Well, here we are, with the visor rule grandfathered into the league in 2013, and guess what? Eight years later, you don’t see any eye injuries anymore.
Sure, there may be the odd freak injury if a stick comes up on a player and goes under his visor, but those types of plays are rare. Far more often, the visor prevents major injuries. And nothing the anti-visor crowd said came true. There was no detrimental effect caused by visors. There was not an epidemic of stick-swinging incidents. Visors didn’t fog up when players went on the ice wearing them. They did what they were supposed to do. They protected NHLers – the biggest asset a team can have – and they made the game safer.
And that brings us to icing races. Again, in 2013, the NHL moved to curtail extreme injuries by implementing a different icing rule. Rather than having players race at top speed down the ice and into the end boards. the league chose to use a hybrid icing rule that made the race to the faceoff dots to decide whether a puck was iced or not. The NHL already had a history of incidents where players suffering major injuries in icing races – Kurtis Foster had his femur broken; Pat Peake’s heel was destroyed; and Joni Pitkanen’s career was ended when he broke his heel – and losing assets to icing races may seem like a macho thing to do. But teams put so much money into players these days, they insist on getting them as much protection as they can. And nobody should lose their livelihood on a puck race.

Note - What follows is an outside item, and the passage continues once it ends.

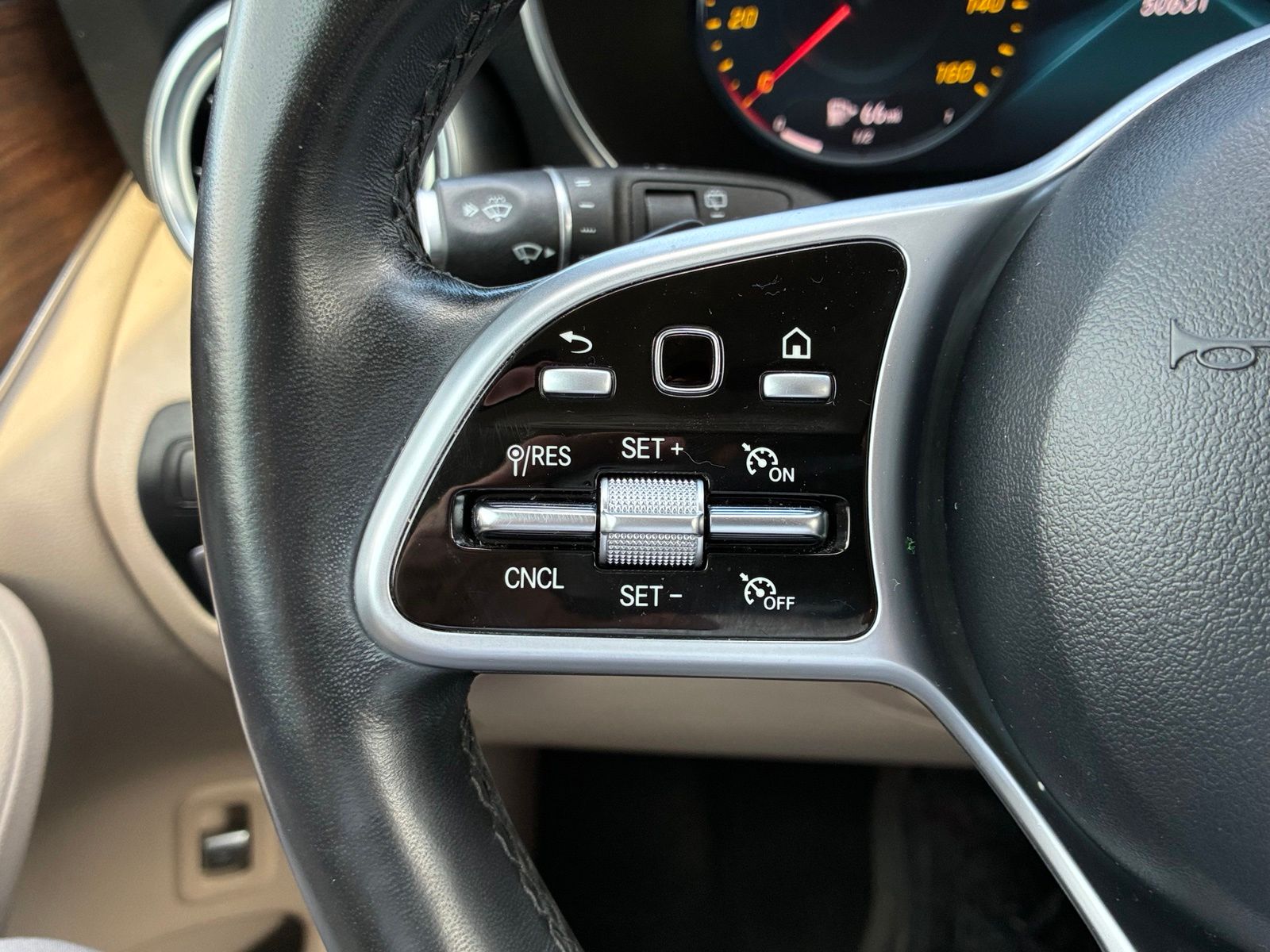 2022 Mercedes-Benz GLC GLC300 - Photo 25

This is why the hybrid icing rule was implemented, and guess what? – we’re getting on a theme here – there have been no more ugly incidents on icing chases. The rule worked. The game changed, but not in any fundamental way. Things are safer out there now.
All of this is to remind you, in case you’ve forgotten, that although the status quo in hockey is fiercely protected by the game’s gatekeepers, progressive-minded rules can be adopted to make the product better. You have to make cogent, convincing arguments to support new rules, but given that the NHL always claims to have players’ best interests at heart, you can make headway in the rulebook and find ways to make the league as safe as possible.

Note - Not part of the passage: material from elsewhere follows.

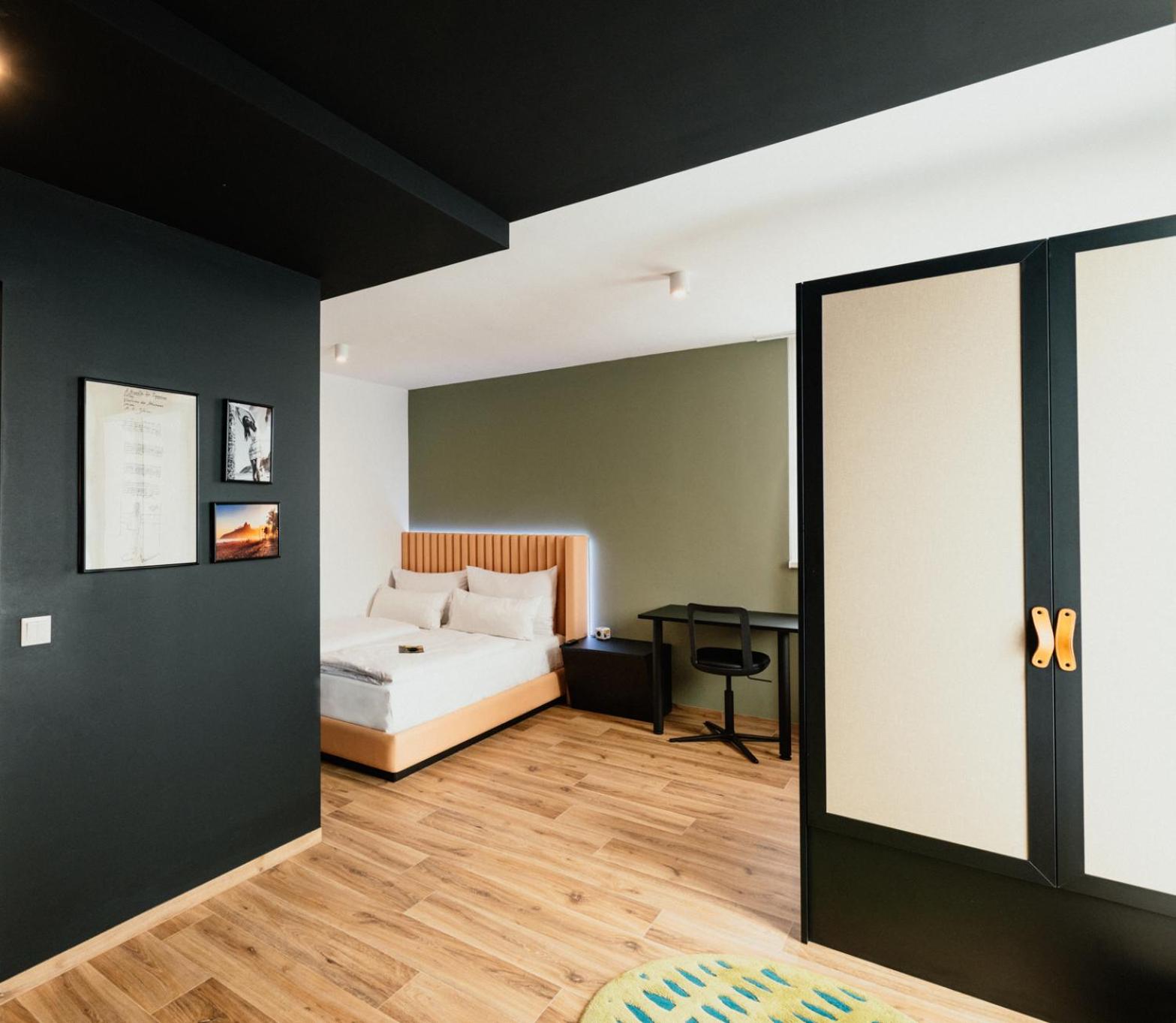 Deluxe Double Studio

Visors and hybrid icing aren’t everyone’s cup of tea, and I understand why some retired NHLers don’t like those rules. They want the game to be a robust physical experience, and they don’t like seeing a bunch of newbies coming into the league and being coddled by the rulebook.
That’s a shame, because both rules aren’t going anywhere. The NHL rulebook is a fluid entity, and there almost assuredly will be issues that pop up out of nowhere down the line. But you don’t give up on rules that clearly have done their job.

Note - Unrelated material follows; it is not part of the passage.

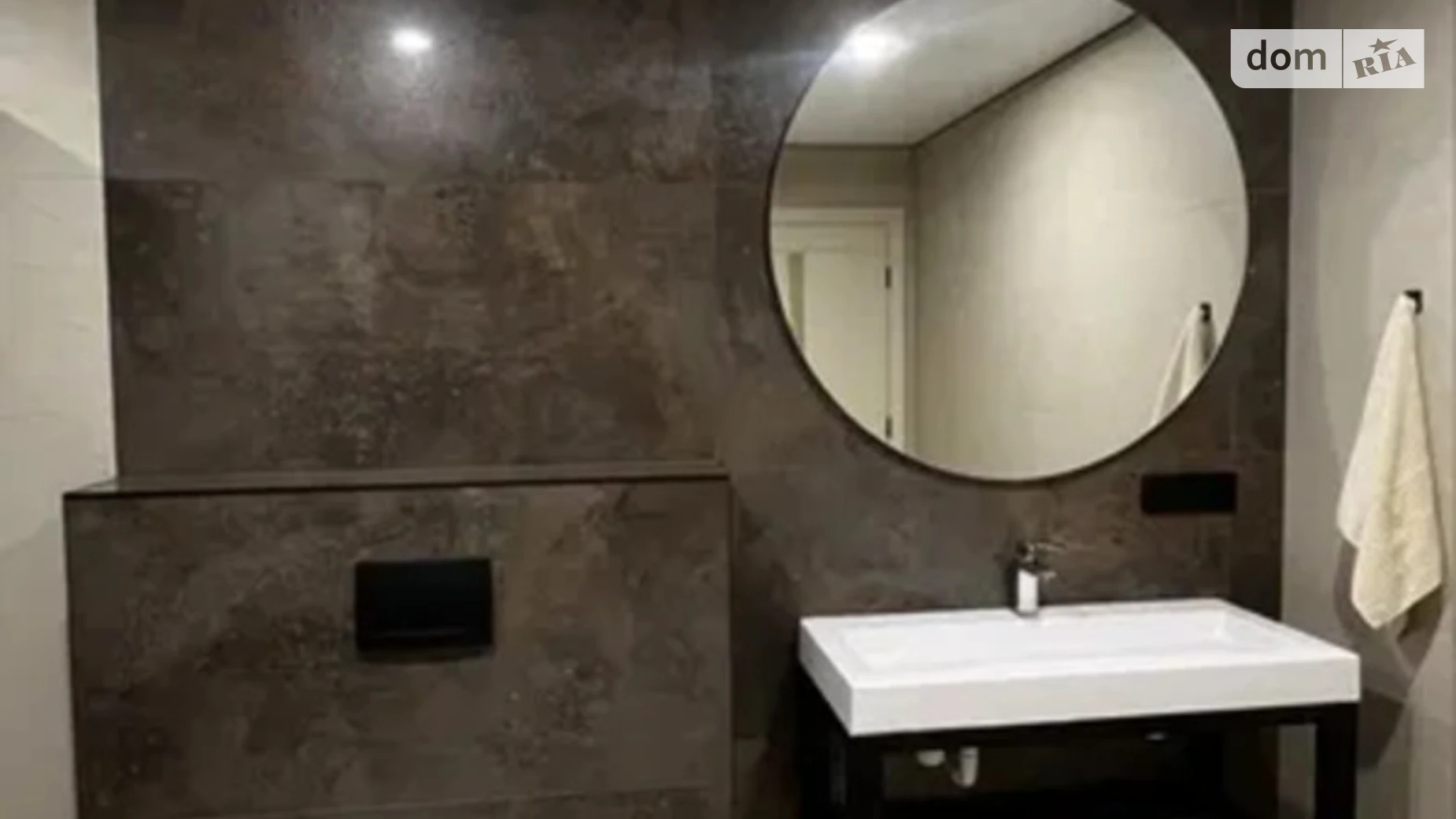 Продается дом на 3 этажа 147 кв. м с камином, цена: 178000 $ - фото 2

Players adjusted to visors, and they adjusted to hybrid icing. Let this be a lesson to all you progressive-minded hockey fans out there: speaking up and speaking out about flaws in the NHL’s system can lead to victories and an improved entertainment product for both the audience and for athletes/performers. People can make a difference by voicing their concerns.
It’s true NHL players all understand there are no guarantees of total safety once they jump over the boards. In a chaotic game, you never know when an errant (or intentional) elbow or an accidental knee in the head can concuss a player and jeopardize his career. We can’t control everything that happens on the ice. But we should always be interested in making the game safer and better.
Hockey is still capable of producing gruesome injuries. But we can do our best to limit them. The hybrid icing and visor debates have proven critics, fans and analysts can impact a sport, and impact it for the better.